Meltem Akadur
BİR DİLEK TUT

Yüzünü gökyüzüne çevirdi ve parlayan ilk yıldıza bakarak tuttu dileğini. Dünya üzerindeki
otuz altıncı senesine bu dileğin ışığıyla yol bulmaya ümitli, tüm ruhuyla diledi. Dileğin
yüreğinde yarattığı heyecanla yıldız giderek büyüdü ve tüm diğer yıldızlarla aydınlanmış koca
karanlığı kucakladı. O anda kadın, kafasını yüz altmış santimlik göz hizasına indirdiğinde fark
etti karşısında dikilmekte olan yabancıyı. Yabancı mıydı? Ondan da emin değildi. Belki de
tanıyordu bir yerlerden, geçmişten. Yoksa gelecekten mi? Kestiremedi. Birbirlerine karşı
sessiz-sonsuz-yoğun-derin-anlamsız-dağınık bakışları bir an sürdü. Issız bir ilgi, şüpheli bir
merak içerisinde ilk konuşan adam oldu.
-Mendilinizi düşürmüşsünüz, buyurun.
-Ah, teşekkür ederim.
Yanından aynı karmaşık hislerle geçip giderken adam, elindeki mendile baktı. Bu mendil
onun değildi ki! Ama üstünde kendi adı yazılıydı. Hatırlayamasada üzerinde duramayacak
kadar dalgındı zihni. Dalmıştı karanlık gökyüzünden yansıyan yakamozların titreşimine.

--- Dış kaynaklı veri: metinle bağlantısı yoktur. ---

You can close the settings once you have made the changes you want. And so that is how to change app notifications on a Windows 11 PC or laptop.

Gecenin bastıran hareketi çıkardı onu düşüncelerin dipsiz kuyusundan. Arkadaşlarının yanına;
onun için, sosyetenin Boğazdaki yeni gözdesi olan mekanda düzenlenen partiye döndü.

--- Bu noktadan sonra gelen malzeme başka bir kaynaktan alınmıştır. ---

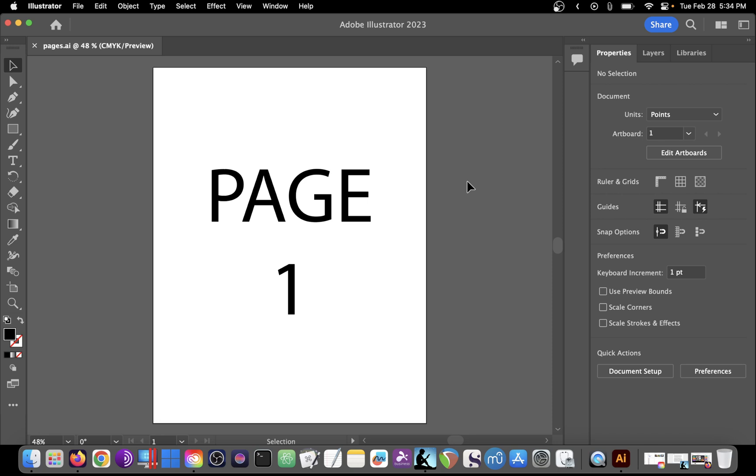Here we have an Adobe Illustrator document with a letter-sized artboard and we want to create a multi-page PDF with letter-sized pages. So how do we add extra pages to this document?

Eve geldiğinde saat neredeyse ikiye geliyordu. Her girdiği ortamın gözdesi olmayı, ilgiyi,
pahalı hediyeleri, gösterişli her şeyi seviyordu ve bu sevdiği şeylerin hepsine sahip olduğu
gündü doğum günü. Makyajını temizlemeden evvel tüm gece kapalı kalan telefonu şarja
taktı. Hiç alışık değildi, telefonsuz geçirilen saatlere. Üstelik yaptığı paylaşımlarla onlarca
beğeni alabileceği böyle bir gecede. Ekranın açılmasıyla Avustralyadaki arkadaşının mesajını
gördü. Saate baktı, aradaki saat farkını hesaplayarak görüntülü aradı. Çocukluğundan beri
yediği içtiği ayrı gitmeyen, gözü kapalı sırtını yaslayabileceği, kardeşten öte tek dostuydu
fakat altı ay önce taşınmıştı. Bir süre çaldıktan sonra ekrana arkadaşının görüntüsü geldiğinde,
belki de o ihtişamlı partide hissetmediği bir şeyi hissetti kalbinde ‘aile sevgisi’.
-İyi ki doğdun bir tanem. Nasıl geçti parti?

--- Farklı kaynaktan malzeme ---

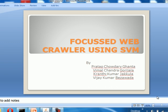Hi everyone. We, the students of JLIT CSC, have done our project on Focus Crawlers using SVM. Our project members are Pratap, Vimal, Kranti, and Vijay. We done our project under the guidance of Mr. Sandhya.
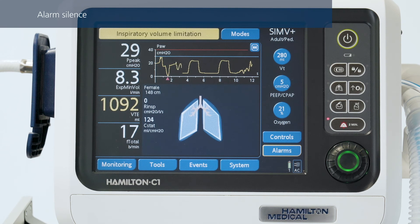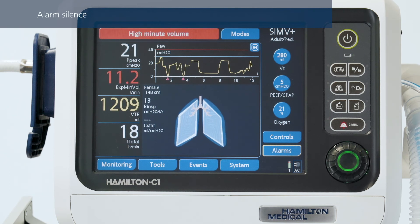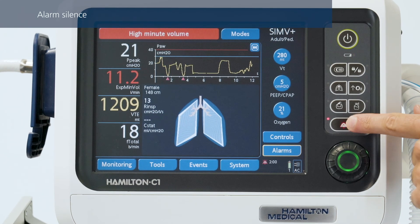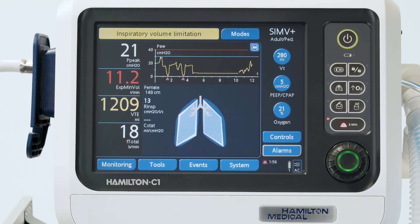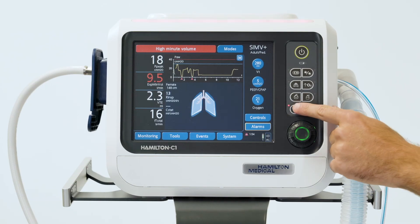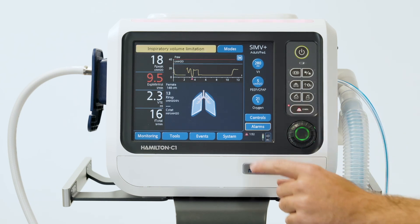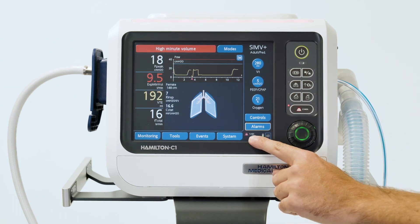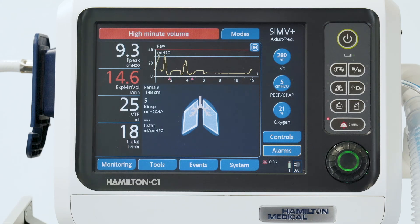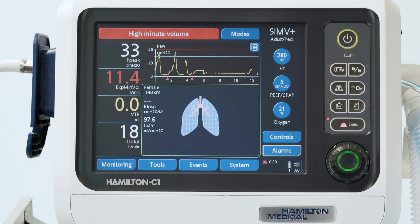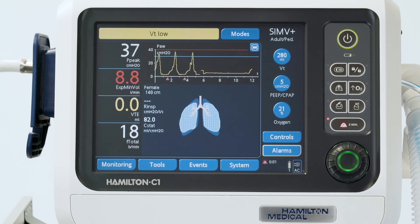To silence an alarm, just press the alarm silence key. Alarm silence is activated for two minutes. When alarm silence is active, the red indicator next to the key is lit continuously, and a countdown timer shows you the remaining silence time. If the alarm condition persists after the two minutes have passed, the audible alarm resumes.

-Çok teşekkür ederim tatlım. Parti her zamanki gibi muhteşemdi
- Eminim bütün teneke beyinli dostların doluşmuştur partine. Malum, bedava takipçi ziyafeti,
seksen milyonun önüne sunulmak üzere patlayan flaş ışıkları, kaçırırlar mı hiç
-İlahi, yine başladın
-E öyle değil mi, eminim çoğu kimin partisi olduğunu bile bilmiyordu. Birkaç dekolteli havuz
başı, iki de dans pistinde sanki saatlerdir eğleniyormuş havasında paylaşılan hikayelerden
sonra, kös kös boşlukta sallanan hayatlarına dönmüşlerdir.
Haklıydı arkadaşı, her zaman olduğu gibi. Onunla her konuşmasında hayatı sorgularken
buluyordu kendisini. Ama tekrar sığ hayatına geri dönmesi fazla sürmüyordu. Bu sefer biraz
daha farklıydı sanki. Yeni yaşın getirdiği bir duygusallık mı, fazla kaçan alkol müydü sebebi,
bilemedi ama yıldızların altındaki o garip karşılaşmadan beri değişik hissediyordu.
-Allah aşkına, bugün beş parasız, işsiz kalsan o insanların kaçı senin yüzüne bakar?
-Boşver hayatım, günümüzü yaşıyoruz, varsın yarın yanımda olmasınlar, kim takar.
Aslında düşününce, epey yalnız değil miydi? Bütün günü beraber geçirdiği insanlar onu ne
kadar tanıyordu?
-Hayatım, seni ne kadar çok sevdiğimi biliyorsun, ama biraz çeki düzen ver kendine, sanki
yarın hiç yokmuş gibi yaşıyorsun. Elindekilerin kıymetini bil. Burada olsan beni biraz
anlardın. Denetimler giderek artmaya başladı, salgını duymuşsundur, ekmek almaya bile
korkar olduk.
-Amaan içimi kararttın, doğum günümde açtığın konuya bak aşk olsun
-Tamam neyse, özür dilerim, kapatıyorum konuyu.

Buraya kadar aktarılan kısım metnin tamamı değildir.